A multi-coloured blizzard of graphs went on to illustrate the depth of these losses. Income across the top leagues has continued to grow to a new record every year – in 2010 the figure was €12.8bn, up by €800m from 2009.
Yet total costs, of which players’ wages are still by far the biggest element, increased, by over €1bn to €14.4bn. The top-division clubs’ losses deepened by almost €1bn in just two years since 2008, when the loss was €649m, to 2010’s glaring €1.6bn.
UEFA presented all this to demonstrate the need for a change; to show, Infantino said, that across European football there was “a potential crisis, like the crisis in the European economy generally”.
It was striking to see how assertively UEFA outlined this case, and its stated determination to enforce them firmly, with a range of sanctions, up to the most serious one of banning a club from taking part in the Champions or Europa Leagues.
Alasdair Bell, UEFA’s head of legal affairs, said that, having invested so much of the organisation’s time and reputation on introducing these rules, they will have “no credibility” if they do not enforce them with sanctions substantial enough to make clubs comply. There has been talk that clubs hit with sanctions will challenge the rules legally, arguing it is a restraint of trade for UEFA to prevent them spending and investing money as they wish.
Bell said he had spent a great deal of time trying to ensure that the rules are framed in a way which gives them the best chance of being upheld as legal.
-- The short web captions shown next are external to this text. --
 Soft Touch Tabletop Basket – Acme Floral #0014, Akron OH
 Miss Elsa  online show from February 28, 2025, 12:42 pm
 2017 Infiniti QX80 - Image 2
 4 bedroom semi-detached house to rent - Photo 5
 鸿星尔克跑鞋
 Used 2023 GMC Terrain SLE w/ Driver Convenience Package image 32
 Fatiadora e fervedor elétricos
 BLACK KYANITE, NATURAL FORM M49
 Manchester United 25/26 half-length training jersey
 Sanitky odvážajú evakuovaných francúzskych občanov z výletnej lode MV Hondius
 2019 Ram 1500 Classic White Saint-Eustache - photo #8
Principally UEFA believes that because the objectives of the rules are positive and constructive – that they “encourage responsible spending for the long-term benefit of football, protect clubs’ creditors, improve the economic and financial capability of clubs, increasing their transparency and credibility” – the EU will be inclined to uphold them as reasonable.
From an English perspective, where the combination of Premier League financial might and general anti-European sentiment has depicted the rules as a Michel Platini-inspired attack, it was enlightening to hear Infantino outline the positive vision behind them. The rules allow clubs, and their owners, to spend unlimited amounts on stadiums, youth developmentand infrastructure.
The idea is to move towards more stable planning, rather than lurch between transfer windows, desperately seeking new rich buyers to scoop up losses. As for the Premier League, in which competition has arrived to challenge Manchester United’s dominance only because of the sums sunk in by the oil-rich owners of Chelsea and Manchester City, UEFA argues that is not a sustainable way to make a league competitive.
How UEFA can do that – rather than find that their rules cement the dominance of the clubs making the most money – may be the greatest challenge.